• Data supplied
_ _ _ _
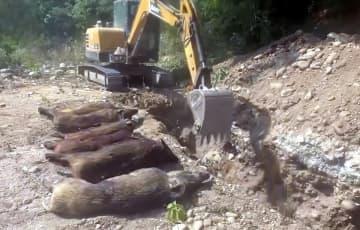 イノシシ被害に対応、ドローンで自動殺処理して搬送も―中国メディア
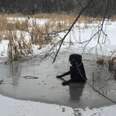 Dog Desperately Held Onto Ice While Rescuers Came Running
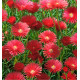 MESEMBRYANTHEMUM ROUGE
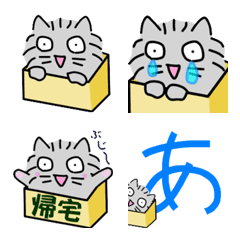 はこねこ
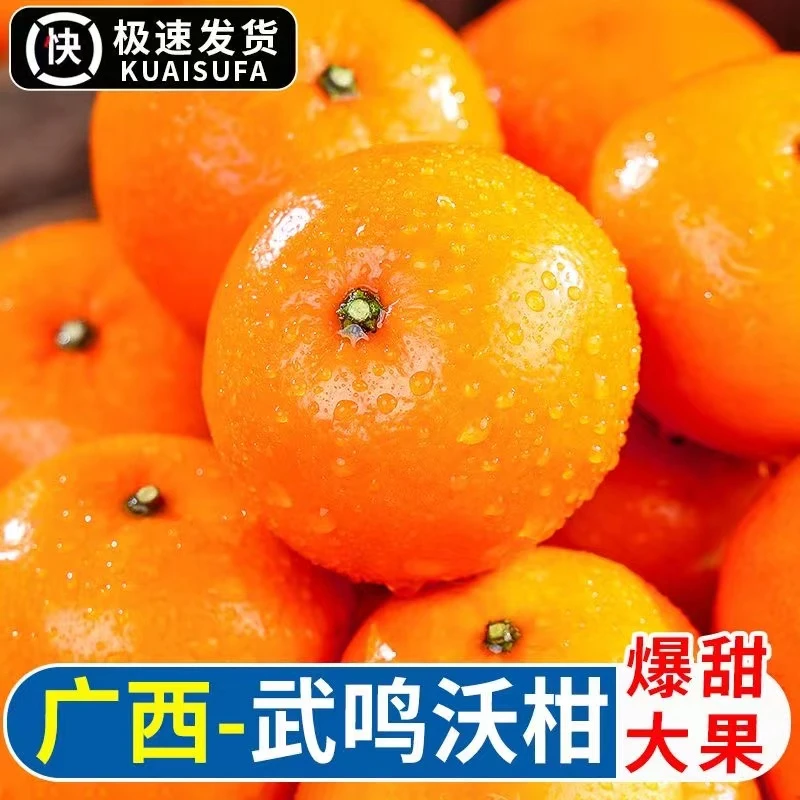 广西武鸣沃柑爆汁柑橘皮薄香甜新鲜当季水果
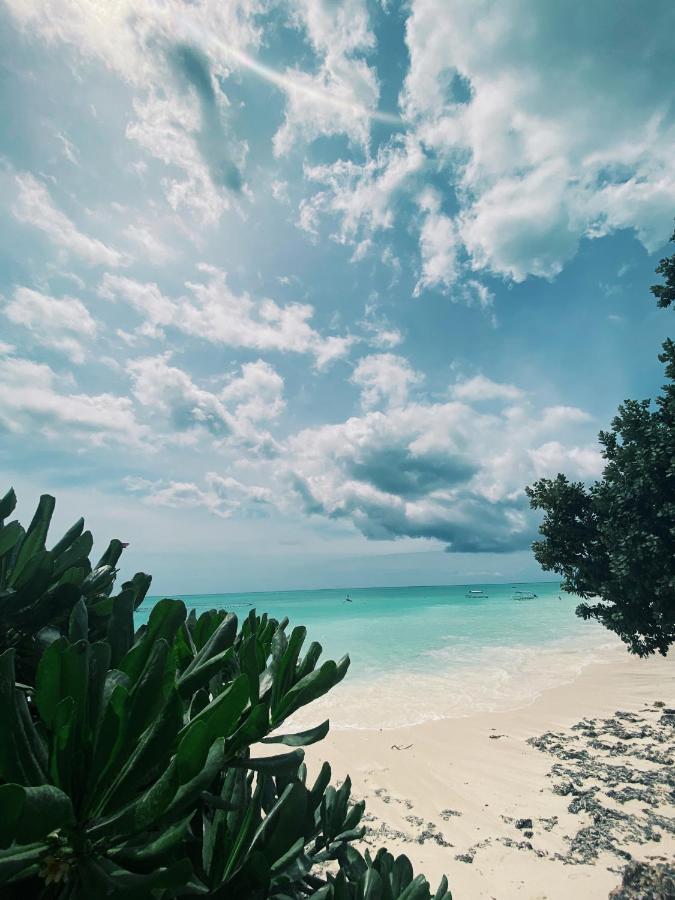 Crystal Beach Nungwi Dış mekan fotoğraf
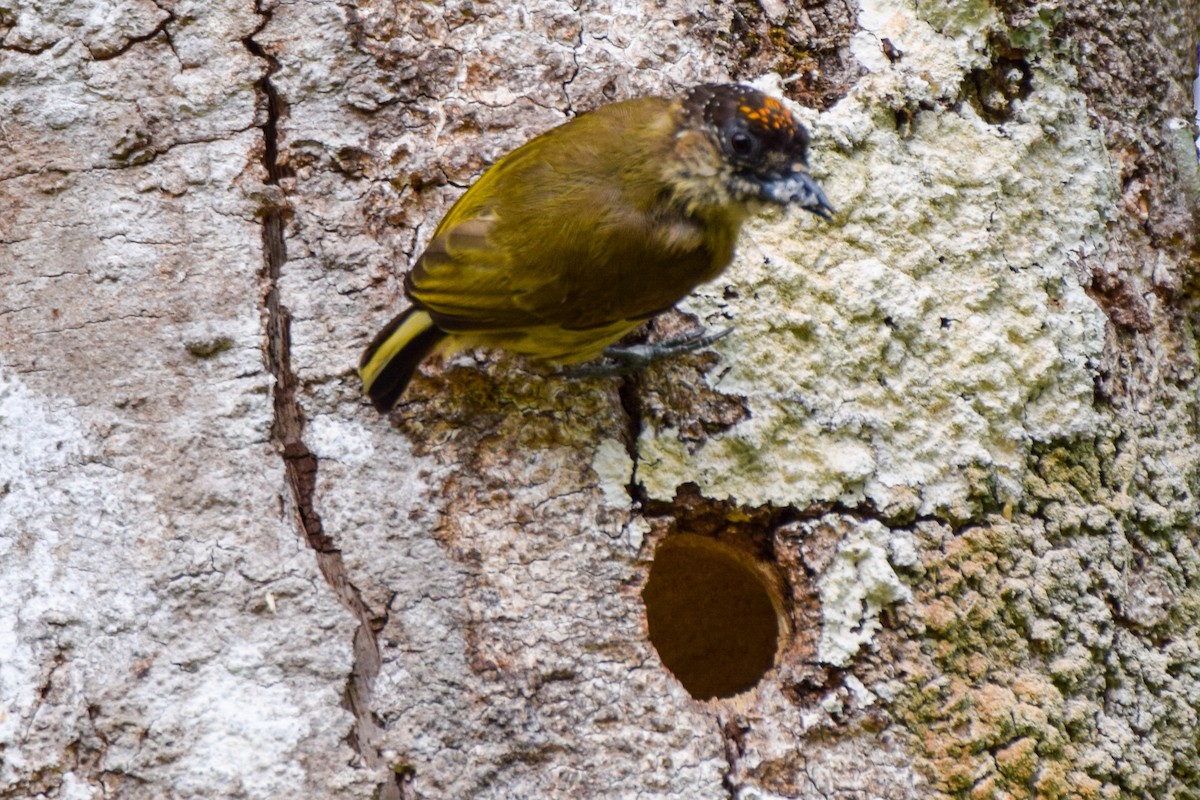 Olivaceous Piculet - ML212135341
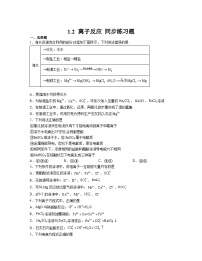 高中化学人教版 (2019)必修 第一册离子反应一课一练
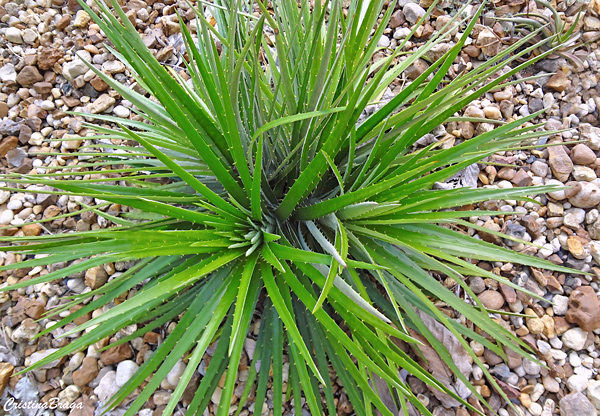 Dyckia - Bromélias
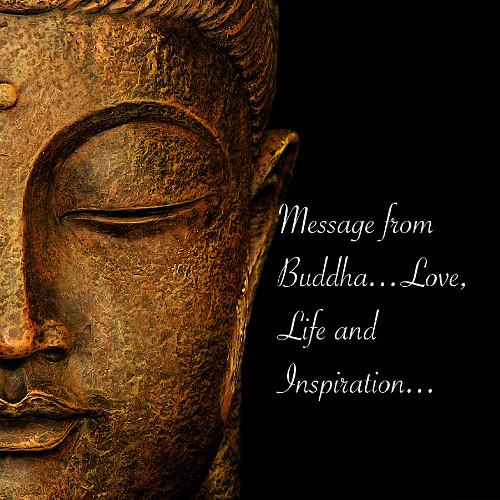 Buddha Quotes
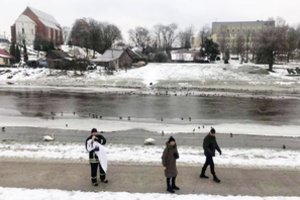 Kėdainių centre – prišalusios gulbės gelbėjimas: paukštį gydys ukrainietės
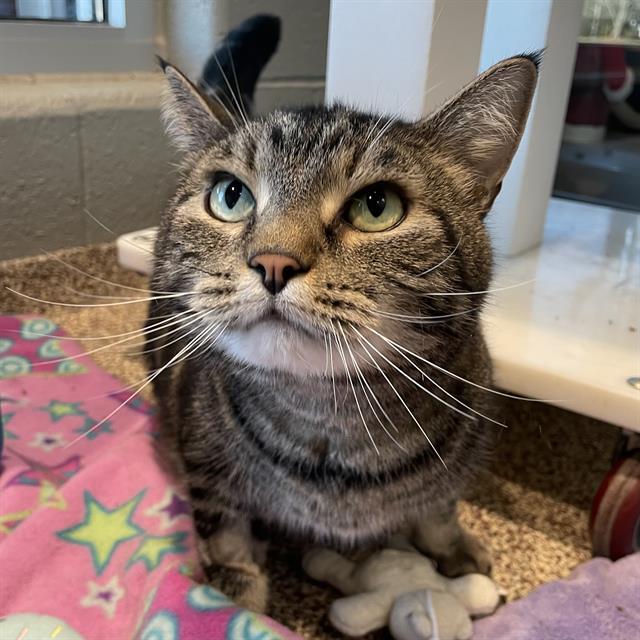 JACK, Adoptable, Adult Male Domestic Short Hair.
_ _ _ _
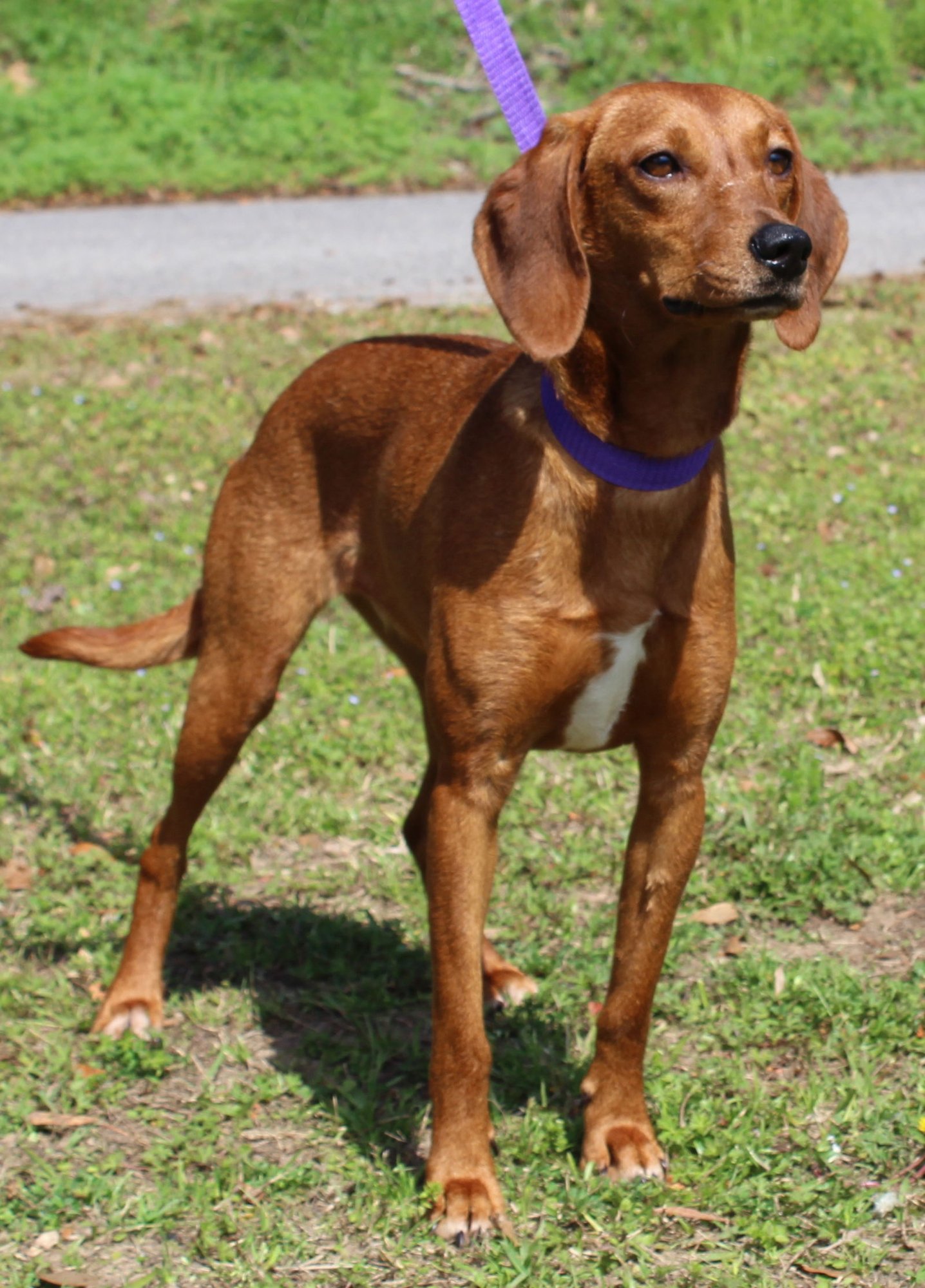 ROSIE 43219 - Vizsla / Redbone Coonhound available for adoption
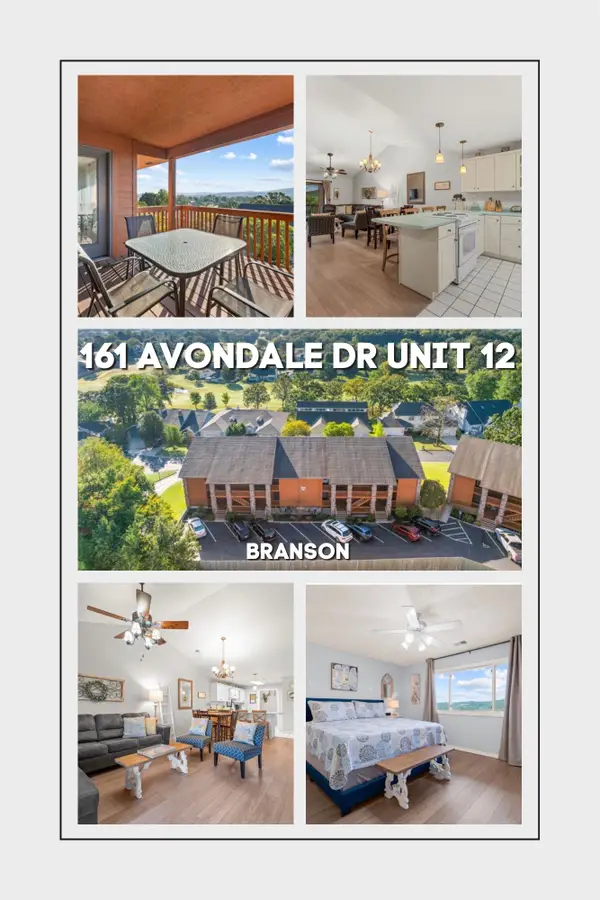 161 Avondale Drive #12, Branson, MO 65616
_ _ _ _
• Task item
In the records above, find the line with "Dyckia - Bromélias" and the line with "JACK, Adoptable, Adult"; please transcribe exactly those two lines and all lines between them, omitting any picture.

• Your response
 Dyckia - Bromélias
 Buddha Quotes
 Kėdainių centre – prišalusios gulbės gelbėjimas: paukštį gydys ukrainietės
 JACK, Adoptable, Adult Male Domestic Short Hair.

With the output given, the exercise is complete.